→ **WHAT YOU NEED TO DO**: Look through the data below and count each line where the word "cartoon" appears. Reply with the count alone.
======== DATA SECTION ========
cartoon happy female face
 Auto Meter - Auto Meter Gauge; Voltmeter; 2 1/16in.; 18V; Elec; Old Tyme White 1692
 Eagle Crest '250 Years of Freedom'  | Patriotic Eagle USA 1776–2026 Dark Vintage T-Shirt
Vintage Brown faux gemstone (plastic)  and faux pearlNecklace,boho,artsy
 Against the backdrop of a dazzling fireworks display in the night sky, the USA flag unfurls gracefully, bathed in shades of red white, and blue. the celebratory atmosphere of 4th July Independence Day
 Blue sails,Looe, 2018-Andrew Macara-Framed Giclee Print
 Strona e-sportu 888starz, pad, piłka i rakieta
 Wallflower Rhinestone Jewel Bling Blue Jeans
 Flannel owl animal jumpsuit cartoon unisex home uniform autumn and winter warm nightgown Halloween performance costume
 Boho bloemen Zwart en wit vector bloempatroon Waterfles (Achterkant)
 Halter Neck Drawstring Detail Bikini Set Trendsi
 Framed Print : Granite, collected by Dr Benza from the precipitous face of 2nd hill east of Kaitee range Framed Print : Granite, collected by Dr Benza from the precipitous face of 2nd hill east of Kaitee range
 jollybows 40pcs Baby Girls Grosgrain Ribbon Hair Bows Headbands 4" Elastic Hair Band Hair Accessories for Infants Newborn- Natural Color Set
========
→ **YOUR RESPONSE**: 2